Events and Workshops

Launch Event: Thursday 10 January 5.30pm at Chelsea Canteen Annexe. Talks and drinks reception in the college canteen. Speakers included Jess Crilly, Karl Foster, Ayanna Joseph, Maria Kheirkhah, Jayne Knowles, Sophia Phoca, Lucy Panesar, Rahul Patel, E Okobi, Jhinuk Sarkar and Joel Simpson.

Workshop: Value of difference. Tuesday 22nd 2-4pm (Library). Recognising the ‘value of difference’ can be a crucial initial first step in decolonising our minds… In this short workshop, we will engage with definitions of knowledge and learning, and will explore the idea of libraries (and archives) as ‘curated spaces’ which support the ideas and ideologies of different (cultural) institutions. With Alex Duncan and Adam Ramejkis.

Film Première: Rhapsody in four colours by Mahmood Jamal. Wednesday 23rd 2-4pm (Lecture Theatre). The film documents the installation of Rasheed Araeen’s new major work for the Aga Khan Centre in London. Première followed by panel talk with Mahmood Jamal, Virginia Whiles and Donald Smith.

Image from ‘Rhapsody in four colours’ (courtesy of Mahmood Jamal)

Thursday 17th 5-7pm, Central Saint Martins (D107) Reading Collections: the African-Caribbean, Asian and African Art in Britain Archive reading group

Reading Groups

The reading group discussed the editorial introduction to Black Phoenix n.1 (1978) by editors Mahmood Jamal and Rasheed Araeen. See images here.

The first meeting for 2018/19 of the Reading Collections: the African-Caribbean, Asian and African Art in Britain Archive reading group, was held at Chelsea College of the Arts Library on 15 November. Find images here.

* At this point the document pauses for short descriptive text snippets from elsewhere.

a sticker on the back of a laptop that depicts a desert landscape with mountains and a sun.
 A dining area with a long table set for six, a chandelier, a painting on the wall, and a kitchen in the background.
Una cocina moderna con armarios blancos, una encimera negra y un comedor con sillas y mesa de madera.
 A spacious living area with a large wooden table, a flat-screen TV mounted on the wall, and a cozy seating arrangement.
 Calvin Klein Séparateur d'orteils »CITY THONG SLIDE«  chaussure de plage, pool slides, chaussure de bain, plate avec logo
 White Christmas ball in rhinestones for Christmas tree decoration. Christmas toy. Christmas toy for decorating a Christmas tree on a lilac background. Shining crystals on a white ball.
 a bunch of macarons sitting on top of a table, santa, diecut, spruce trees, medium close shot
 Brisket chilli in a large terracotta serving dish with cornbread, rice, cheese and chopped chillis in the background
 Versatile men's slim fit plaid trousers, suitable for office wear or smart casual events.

For more information about the reading group and to register visit Academic Support Online:

For information about the African-Caribbean, Asian and African Art in Britain Archive, held at Chelsea College of Arts Library, see:

Rasheed Araeen, Peter Fillingham and Chelsea Space. Rasheed Araeen’s work was on show from 14 November to 14 December 2018 at Chelsea Space in a joint exhibition with Peter Fillingham. Rasheed Araeen is quoted on page 26 of the Zine:

‘One shouldn’t perhaps look at the art education institutions alone for the answers, as they are only parts of the art establishment at large. The knowledge which is passed on to art students is actually the knowledge received from the art establishment (i.e., art galleries, museums, art publications, etc.) generated by its recognition and signification of art activity. And since this recognition has not been given to black artists, even when some of them have been on the forefront of new developments in contemporary visual arts, they have remained, along with their contributions, invisible’ (National Conference On Art and Design through Education, 1981).